Short descriptive text snippets
============

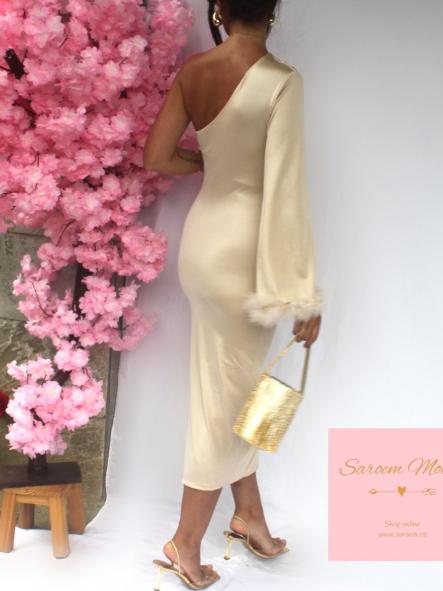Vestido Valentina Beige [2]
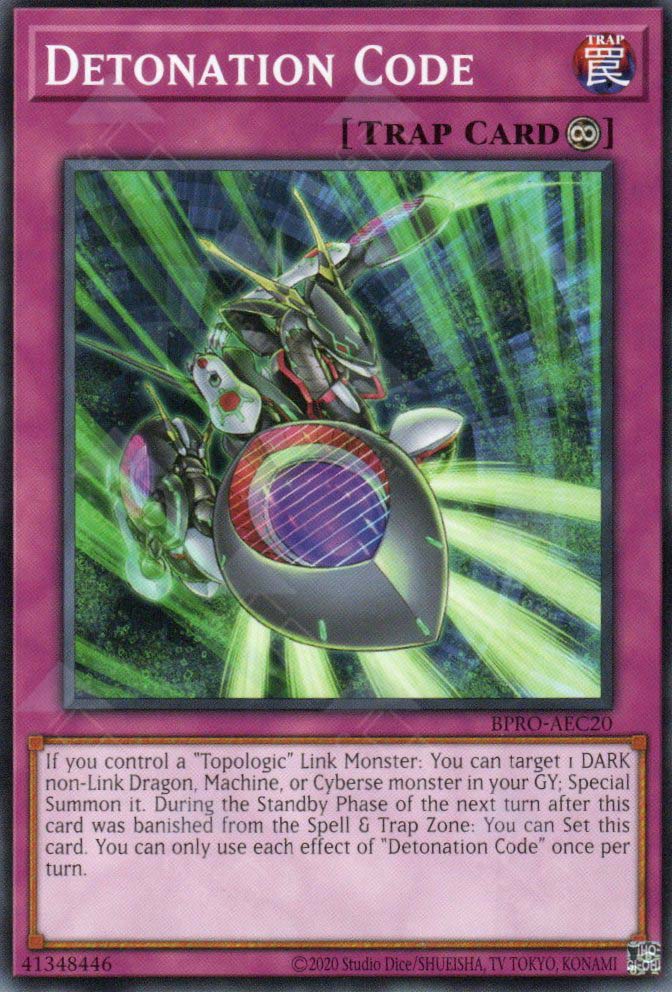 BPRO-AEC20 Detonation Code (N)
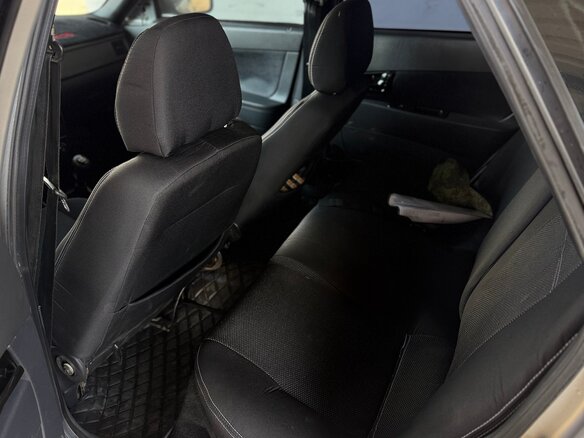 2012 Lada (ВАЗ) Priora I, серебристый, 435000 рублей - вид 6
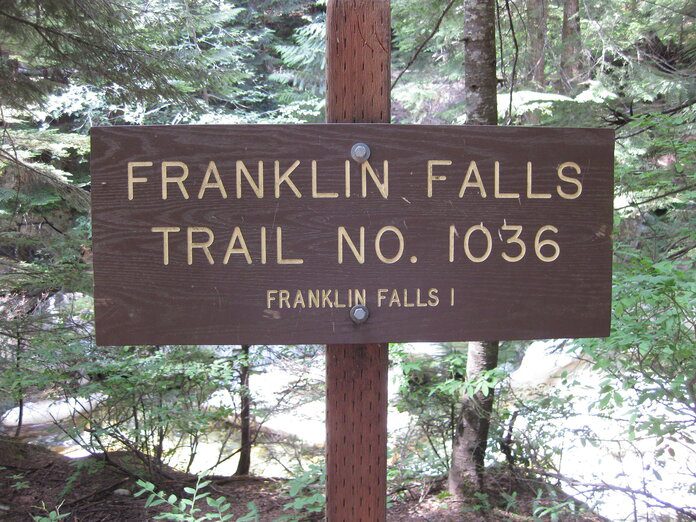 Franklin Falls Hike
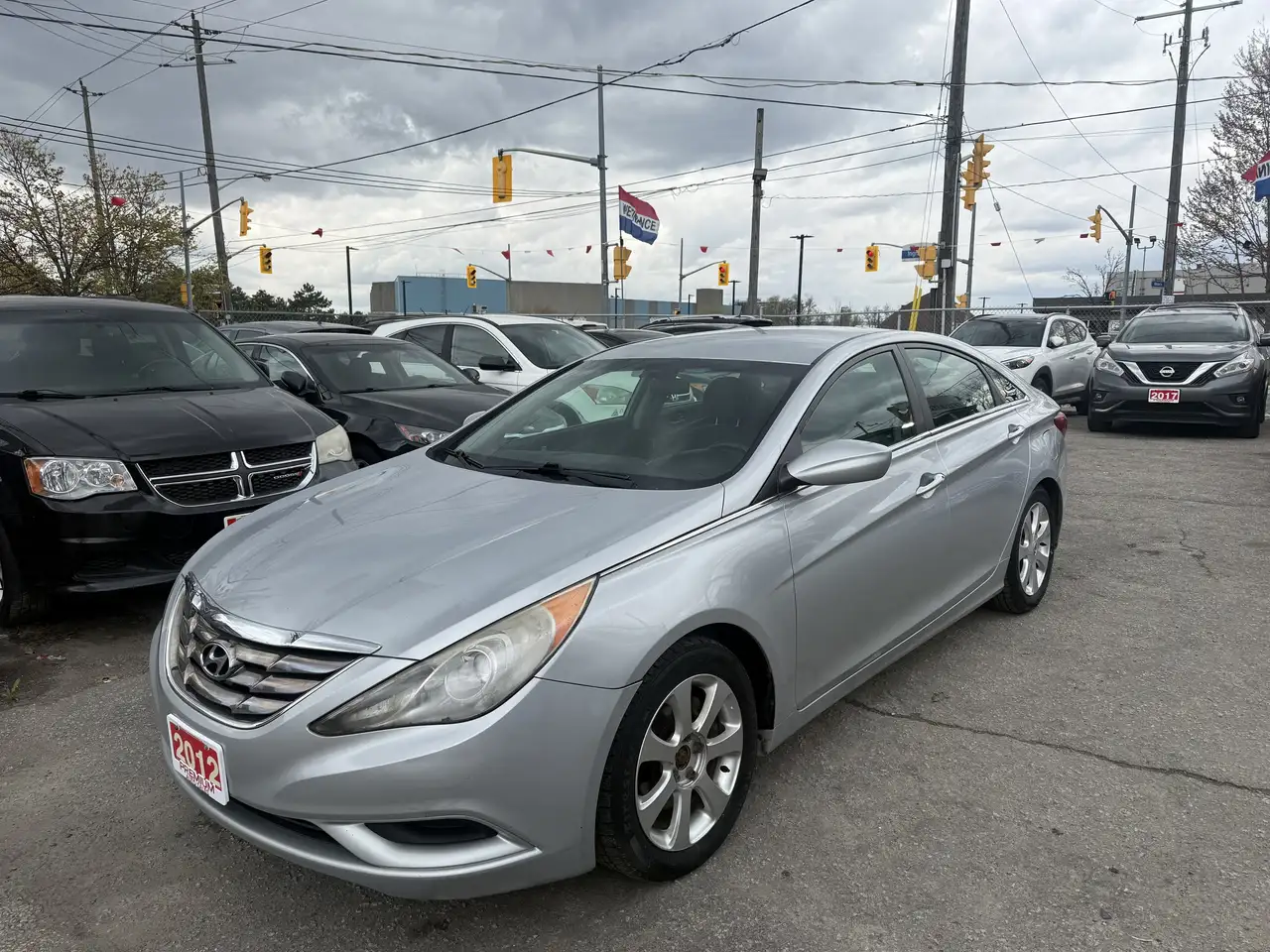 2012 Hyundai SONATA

============

> YOUR ASSIGNMENT
Only the lines from the one containing "2012 Lada (ВАЗ)" through the last line of the entries above belong in the copy; reproduce them exactly and drop every picture.

> RESULT OF THIS EXERCISE
 2012 Lada (ВАЗ) Priora I, серебристый, 435000 рублей - вид 6
 Franklin Falls Hike
 2012 Hyundai SONATA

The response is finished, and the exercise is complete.